- Theatrical release poster by John Solie
- Directed by: Larry Cohen
- Written by: Larry Cohen
- Produced by: Larry Cohen
- Starring: Fred Williamson Margaret Avery Julius Harris Gloria Hendry D'Urville Martin
- Cinematography: Fenton Hamilton
- Edited by: Franco Guerri Peter Honess
- Music by: Edwin Starr Fonce Mizell Freddie Perren
- Production company: Larco Productions
- Distributed by: American International Pictures
- Release date: December 16, 1973;
- Running time: 94 minutes
- Country: United States
- Language: English
- Box office: $1,550,000

= Hell Up in Harlem =

1973 film by Larry Cohen

Hell Up in Harlem is a 1973 blaxploitation American film starring Fred Williamson and Gloria Hendry. Written and directed by Larry Cohen, it is a sequel to the film Black Caesar.

The film's soundtrack, recorded by Edwin Starr and produced and chiefly written by Fonce Mizell and Freddie Perren, was released by Motown Records in January 1974. James Brown had originally been contracted to provide the soundtrack; his version was rejected. Brown instead released his tracks in late 1973 as a studio album, entitled The Payback.

==Plot==

Having survived the assassination attempt at the end of Black Caesar, Tommy Gibbs takes on corrupt New York District Attorney James DiAngelo, who had sought to jail Gibbs and his father, Papa Gibbs, in order to monopolize the illicit drug trade. Gibbs decides to eliminate drug pushing from the streets of Harlem, while continuing to carry out his other illicit enterprises. Gibbs falls in love with Sister Jennifer, a woman who works with Reverend Rufus, a former pimp who has found a religious calling.

Gibbs and Papa have a falling out after Gibbs is told by his enforcer, Zach, that Papa ordered the death of Gibbs' ex-wife, Helen Bradley-Washington. Gibbs and Jennifer move to Los Angeles, leaving Papa in charge of the Harlem territory. It is later revealed that Zach himself killed Helen as part of a move to take over the territory, with the assistance of DiAngelo.

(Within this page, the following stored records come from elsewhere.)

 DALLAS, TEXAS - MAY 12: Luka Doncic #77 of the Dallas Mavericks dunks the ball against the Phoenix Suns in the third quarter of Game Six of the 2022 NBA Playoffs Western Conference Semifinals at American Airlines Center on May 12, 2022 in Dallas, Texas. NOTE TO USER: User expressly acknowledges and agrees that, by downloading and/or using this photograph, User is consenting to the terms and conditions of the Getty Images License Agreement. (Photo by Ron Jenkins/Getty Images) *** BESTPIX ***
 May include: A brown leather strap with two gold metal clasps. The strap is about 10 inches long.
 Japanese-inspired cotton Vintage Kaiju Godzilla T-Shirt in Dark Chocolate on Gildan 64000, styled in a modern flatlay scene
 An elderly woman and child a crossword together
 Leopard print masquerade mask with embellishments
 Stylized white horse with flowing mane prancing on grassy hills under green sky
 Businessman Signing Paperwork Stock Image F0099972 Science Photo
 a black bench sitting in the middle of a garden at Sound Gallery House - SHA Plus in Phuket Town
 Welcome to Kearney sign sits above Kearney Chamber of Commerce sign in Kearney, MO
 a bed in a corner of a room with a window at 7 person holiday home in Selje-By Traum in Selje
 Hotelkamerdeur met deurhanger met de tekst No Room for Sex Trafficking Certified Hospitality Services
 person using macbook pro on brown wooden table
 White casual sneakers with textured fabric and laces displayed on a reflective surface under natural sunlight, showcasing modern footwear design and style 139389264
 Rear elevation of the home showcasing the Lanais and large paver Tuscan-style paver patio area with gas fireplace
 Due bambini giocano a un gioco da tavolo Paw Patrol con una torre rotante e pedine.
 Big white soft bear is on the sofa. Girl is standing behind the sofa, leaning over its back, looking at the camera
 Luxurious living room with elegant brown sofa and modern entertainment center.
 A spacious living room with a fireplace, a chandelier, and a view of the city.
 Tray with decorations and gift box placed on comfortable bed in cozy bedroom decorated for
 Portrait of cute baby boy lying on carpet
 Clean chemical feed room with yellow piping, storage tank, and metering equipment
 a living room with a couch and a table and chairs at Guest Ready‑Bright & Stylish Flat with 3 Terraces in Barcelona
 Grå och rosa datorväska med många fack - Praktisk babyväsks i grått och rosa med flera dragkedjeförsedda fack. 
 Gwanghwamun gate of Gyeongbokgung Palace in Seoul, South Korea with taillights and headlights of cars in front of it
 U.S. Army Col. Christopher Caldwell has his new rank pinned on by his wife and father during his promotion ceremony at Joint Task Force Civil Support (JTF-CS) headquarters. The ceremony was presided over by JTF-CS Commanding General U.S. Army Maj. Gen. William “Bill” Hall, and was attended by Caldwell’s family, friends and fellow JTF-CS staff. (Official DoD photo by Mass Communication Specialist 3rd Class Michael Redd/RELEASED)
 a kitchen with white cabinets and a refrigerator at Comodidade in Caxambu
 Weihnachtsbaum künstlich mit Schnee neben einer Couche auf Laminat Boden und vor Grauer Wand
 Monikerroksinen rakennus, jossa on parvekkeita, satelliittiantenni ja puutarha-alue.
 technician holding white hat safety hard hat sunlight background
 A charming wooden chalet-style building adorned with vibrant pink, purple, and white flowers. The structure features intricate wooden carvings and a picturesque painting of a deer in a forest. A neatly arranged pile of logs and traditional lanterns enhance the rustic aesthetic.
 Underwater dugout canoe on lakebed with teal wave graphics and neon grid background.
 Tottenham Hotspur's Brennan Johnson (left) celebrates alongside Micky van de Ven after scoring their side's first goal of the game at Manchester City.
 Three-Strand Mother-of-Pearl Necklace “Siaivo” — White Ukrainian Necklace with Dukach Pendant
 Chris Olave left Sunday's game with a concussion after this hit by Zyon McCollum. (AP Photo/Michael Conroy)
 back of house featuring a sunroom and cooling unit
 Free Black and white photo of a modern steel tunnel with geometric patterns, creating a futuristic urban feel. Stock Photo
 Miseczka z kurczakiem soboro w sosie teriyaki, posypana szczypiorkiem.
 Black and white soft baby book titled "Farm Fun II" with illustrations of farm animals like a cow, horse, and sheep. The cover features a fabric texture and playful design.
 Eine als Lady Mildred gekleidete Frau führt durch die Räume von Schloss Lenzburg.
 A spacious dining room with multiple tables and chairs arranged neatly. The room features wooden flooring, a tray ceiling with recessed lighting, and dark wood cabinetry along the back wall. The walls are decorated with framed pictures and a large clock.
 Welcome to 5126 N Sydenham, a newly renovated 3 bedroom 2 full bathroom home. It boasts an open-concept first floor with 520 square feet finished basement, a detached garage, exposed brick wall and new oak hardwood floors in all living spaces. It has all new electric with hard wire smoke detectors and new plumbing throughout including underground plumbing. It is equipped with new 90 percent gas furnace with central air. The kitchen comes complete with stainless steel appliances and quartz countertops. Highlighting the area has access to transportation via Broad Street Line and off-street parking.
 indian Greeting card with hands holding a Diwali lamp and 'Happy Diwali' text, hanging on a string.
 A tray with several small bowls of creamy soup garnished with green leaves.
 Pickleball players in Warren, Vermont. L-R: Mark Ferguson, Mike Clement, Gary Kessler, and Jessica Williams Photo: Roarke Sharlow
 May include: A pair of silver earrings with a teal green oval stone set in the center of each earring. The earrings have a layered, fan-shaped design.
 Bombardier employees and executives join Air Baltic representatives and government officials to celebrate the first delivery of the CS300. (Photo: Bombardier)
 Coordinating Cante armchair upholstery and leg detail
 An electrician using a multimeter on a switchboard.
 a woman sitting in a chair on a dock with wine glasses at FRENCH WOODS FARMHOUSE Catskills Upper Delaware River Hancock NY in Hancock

Gibbs defeats hit men sent to take him out in Los Angeles, while Papa dies from a heart attack while fighting Zach.

Knowing that DiAngelo will be having the New York airports and roads watched, Gibbs flies in to Philadelphia and enters New York City on foot in order to carry out a personal war against Zach and DiAngelo.

==Cast==
- Fred Williamson as Tommy Gibbs
- Julius Harris as Thomas "Papa" Gibbs Sr.
- Gloria Hendry as Helen Bradley-Washington
- Margaret Avery as Sister Jennifer
- D'Urville Martin as Reverend Rufus Fairchild
- Tony King as Zach
- Gerald Gordon as DiAngelo
- Bobby Ramsen as Joe Frankfurter
- James Dixon as "Irish" Bryant
- Esther Sutherland as The Cook
- Charles MacGuire as Charles MacGregor

==Home media==
In 2001, the film was released on DVD. In 2010, it was digitized in High Definition (1080i) and broadcast on MGMHD.